I warned you….

So, this is the photo I didn’t dare post. Proof of the piebald impact of cycling westward only. Nicely suntanned knees and calves, and forearms, but the rest as delicate as a baby’s bottom.

It’s been lovely to take a short break in Berlin this weekend with old friends Herbert and Jörg Hildebrandt formerly from the East Berlin Cathedral Choir where Jutta and I used to sing 1977-81, and then a day in West Berlin (though indeed, no Wall) with Thomas and Anne Rost, also met 30 years ago through the same choir.

Berlin is such a lovely and civilised city. Quarter of a million cyclists descended today on the city from the surrounding countryside for a traffic-free day cycling on the autobahns, all official – but Thomas and Anne and I took to the water in their new sailing boat, picture shortly to be posted.

One thought I meant to mention a couple of days ago, concerning again how kind people can be.

Back in Poland, I was – I thought – yelled at by a Mercedes driver just before Czestochowa who had to break sharply coming the other way not to be bit by a large logging lorry in the slow process of overtaking me on a narrow road.

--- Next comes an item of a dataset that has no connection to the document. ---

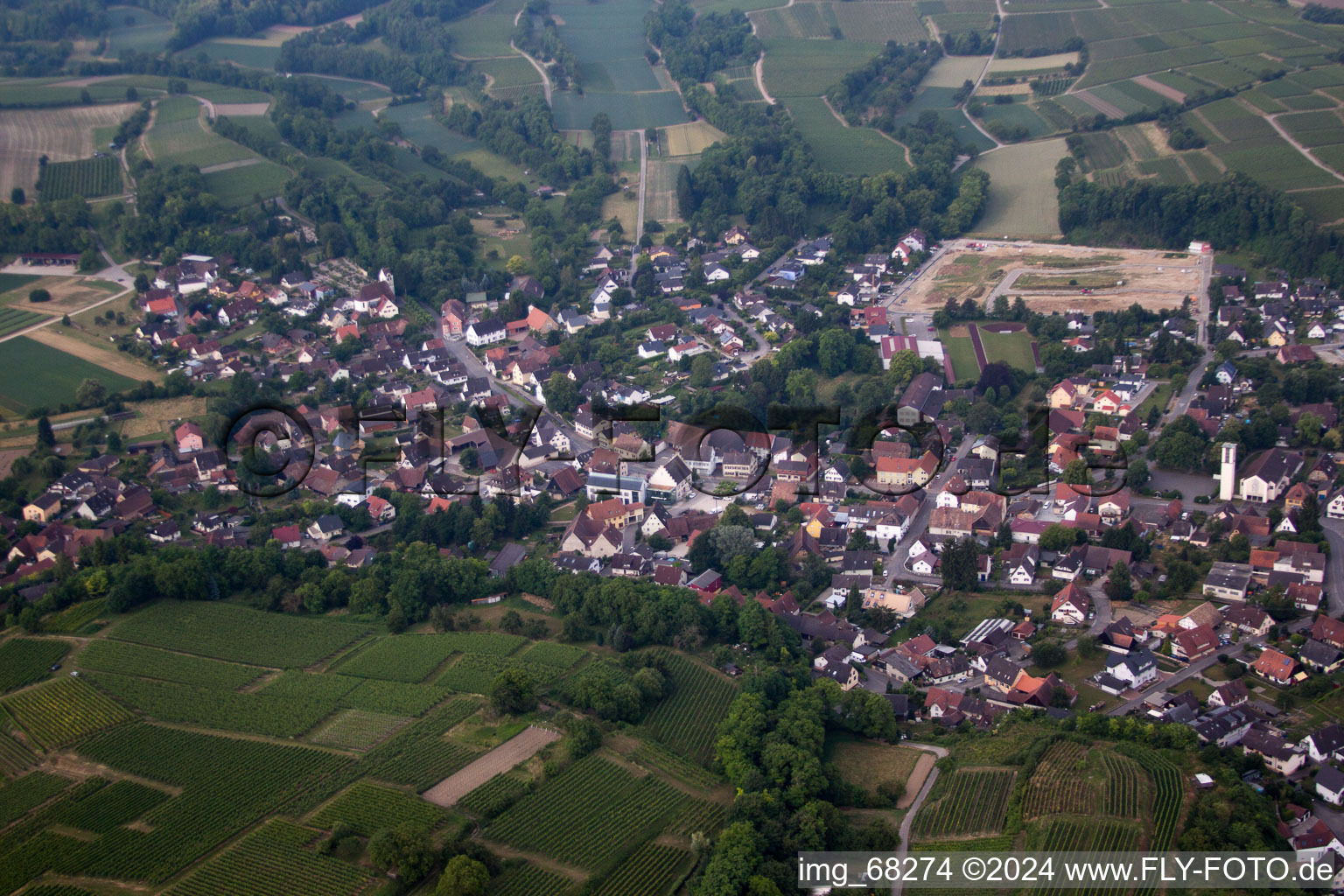 Vue aérienne de Vue des rues et des maisons des quartiers résidentiels à Buggingen dans le département Bade-Wurtemberg, Allemagne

I thought the driver was blaming me for his misfortune, and made an appropriately rude gesture in his direction.

Imagine my surprise several hours later in Czestochowa itself when, suddenly, there’s that same driver standing by the roadside by his car clearly wanting to talk to me.

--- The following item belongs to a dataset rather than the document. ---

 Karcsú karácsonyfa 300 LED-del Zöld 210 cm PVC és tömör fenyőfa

I stop, and with my fragemented Polish quickly undestand that he wants to apologise for being misunderstood. He’d been alarmed, he said, that I was in danger, and had mis-expressed himself with his facial gestures. And was desperate to say sorry.

Apology accepted, and we must have shaken hands three times in a minute in frantic gestures of regret and forgiveness.

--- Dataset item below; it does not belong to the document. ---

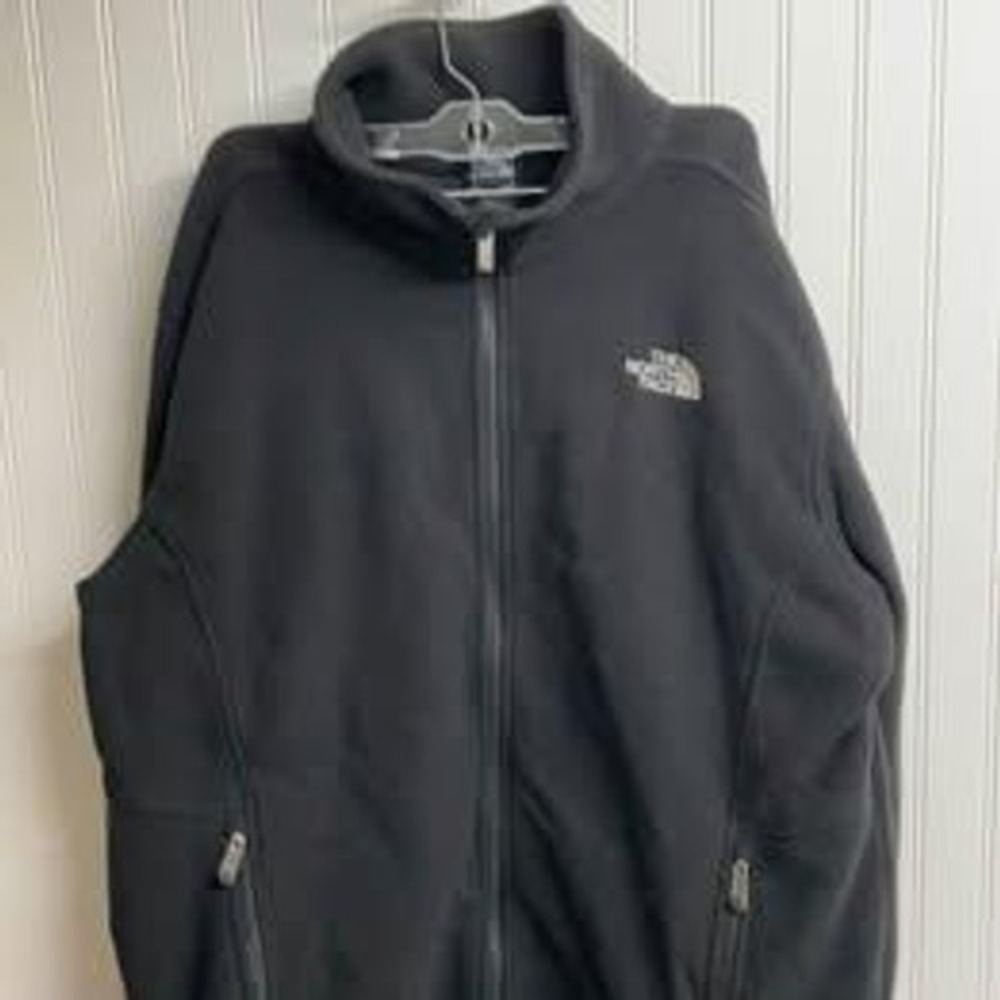 The North Face Mens XL Black Full Zip Fleece Jacket Mock Neck Hiking Outerwear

People are kind. I asked for some water at a house where the husband was hobbling around the garden on crutches. While his wife (of course) filled the bottles, we got talking, and it turned out he’d just had an operation for a badly-inflamed Achilles heel.

Ah ha, I thought and said. My own fate, narrowly avoided, early on this cycling odyssey. And even worse potentially than I had feared. Two weeks later, he told me, and the doctor said his whole foot would have had to come off. As it was, he was expecting not to walk properly again for several months.

Whew – lucky escape for me, as I explained how I had decided to rest over in Budapest to let my own heel heal. As it were. And then, his wife appeared, with my bottles. Full not with the usual tap water, but with ice-cool, sparkling mineral water.

People are sometimes amazing – a trip to reassure this one cyclist of the goodness of human nature.